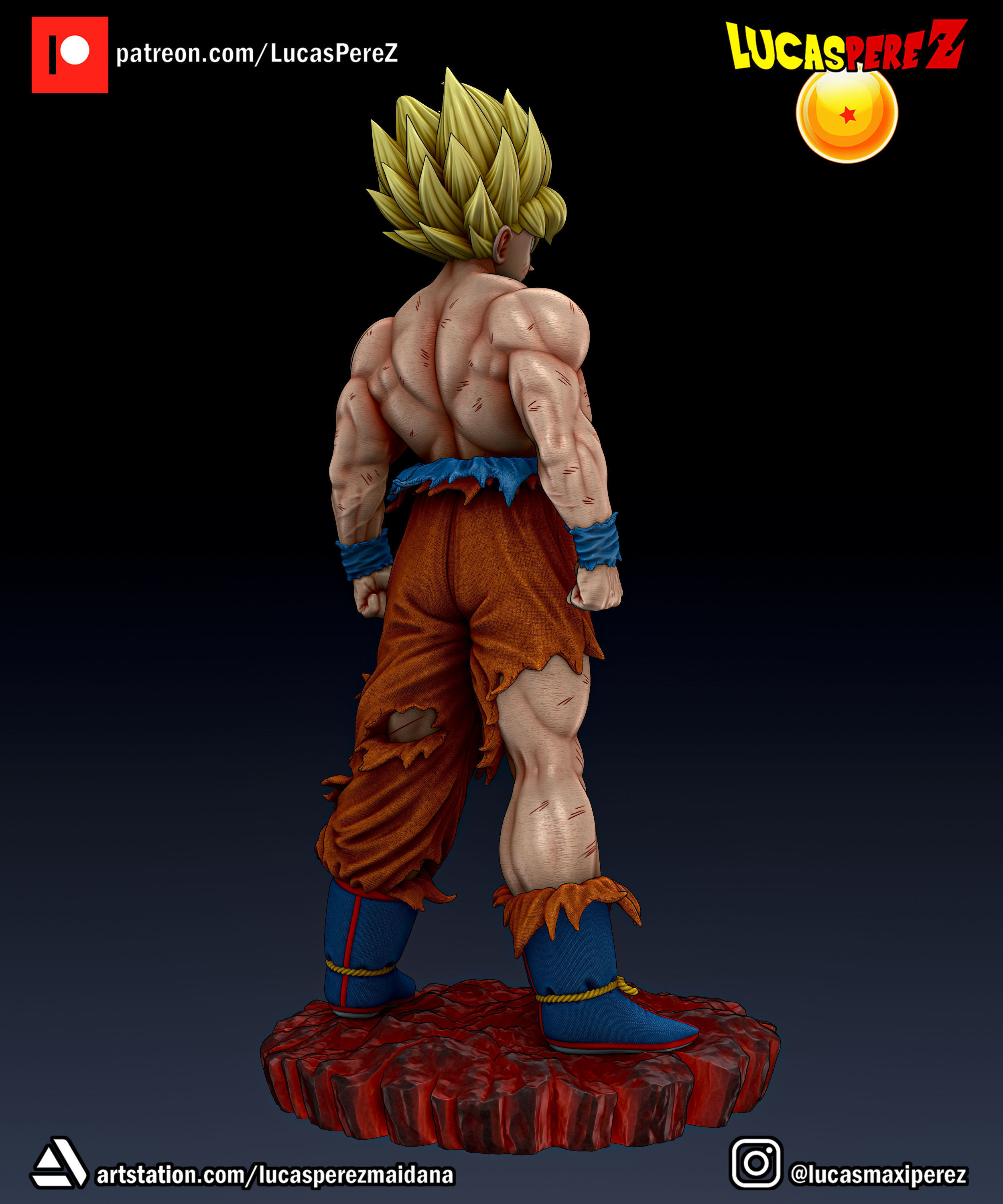 GOKU NAMEK  3D print model_7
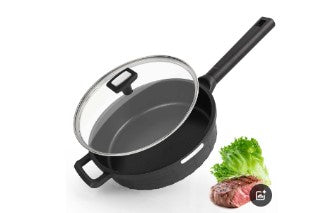 كاسرولة مع يد وغطاء زجاج 2.5 ليتر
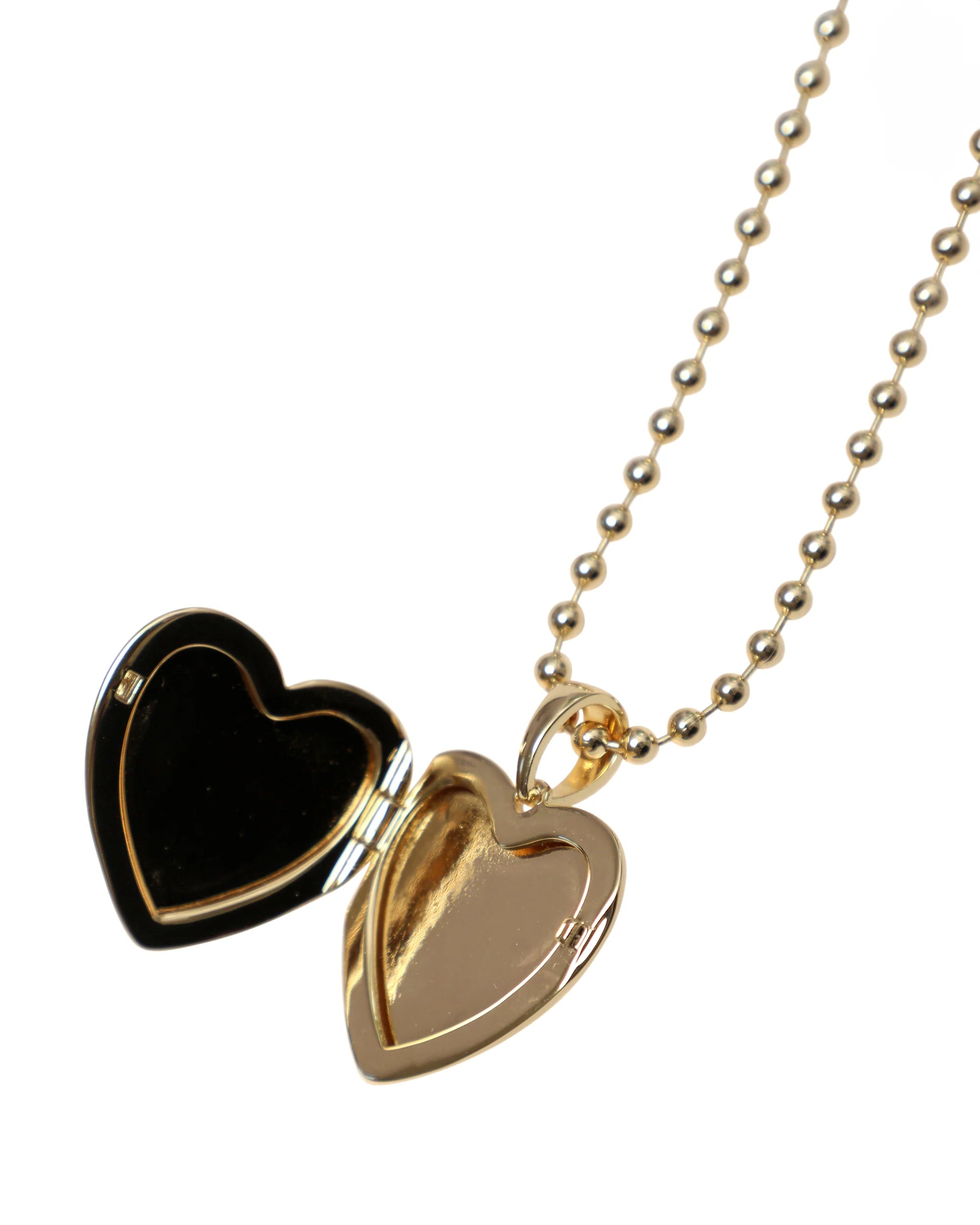 Boys Lie Gold Locket With Rhodium Angel - ONFEMME By Lindsey's Kloset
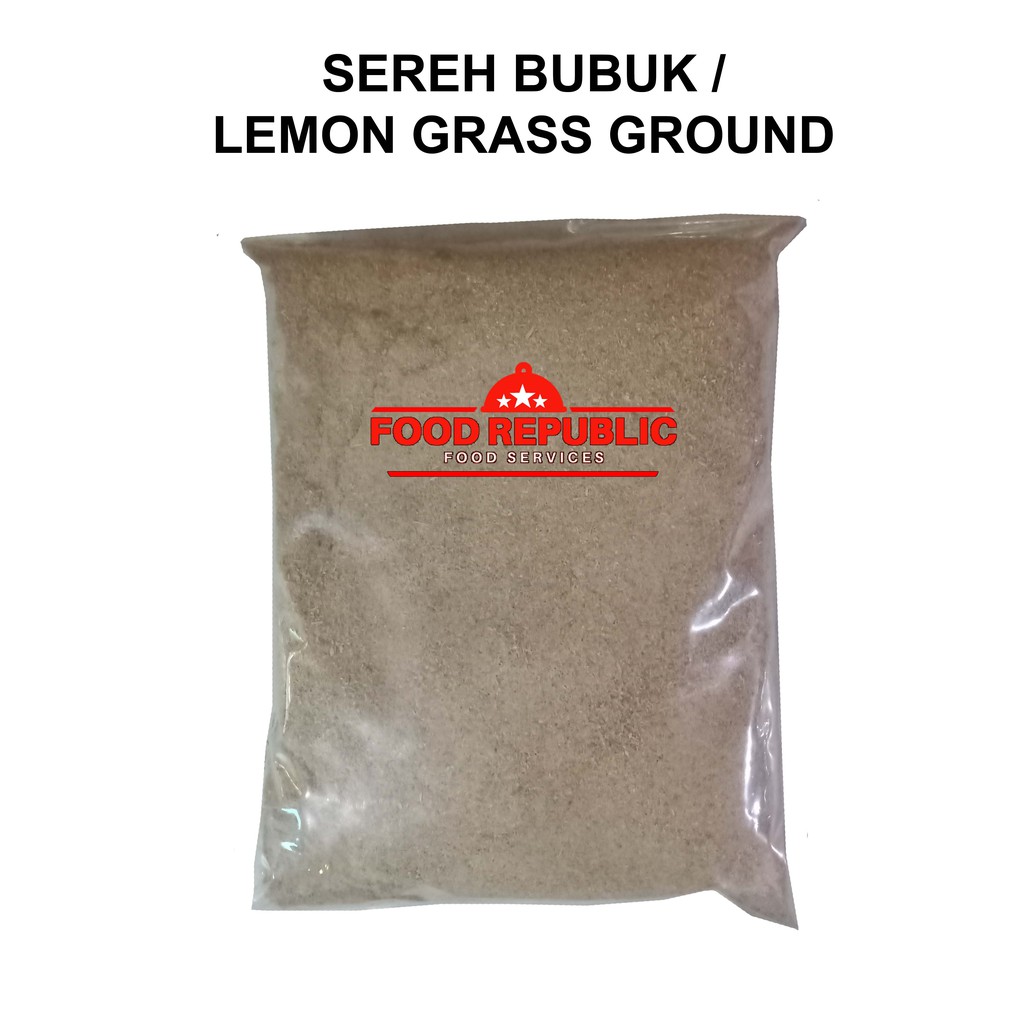 SEREH BUBUK MURNI 1 KG - LEMONGRASS GROUND - CITRONELLA POWDER - SERAI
══════════════════════════════
Task to complete
Restate the material word for word; no picture should appear in the copy.

Answer to the exercise
 GOKU NAMEK  3D print model_7
 كاسرولة مع يد وغطاء زجاج 2.5 ليتر
 Boys Lie Gold Locket With Rhodium Angel - ONFEMME By Lindsey's Kloset
 SEREH BUBUK MURNI 1 KG - LEMONGRASS GROUND - CITRONELLA POWDER - SERAI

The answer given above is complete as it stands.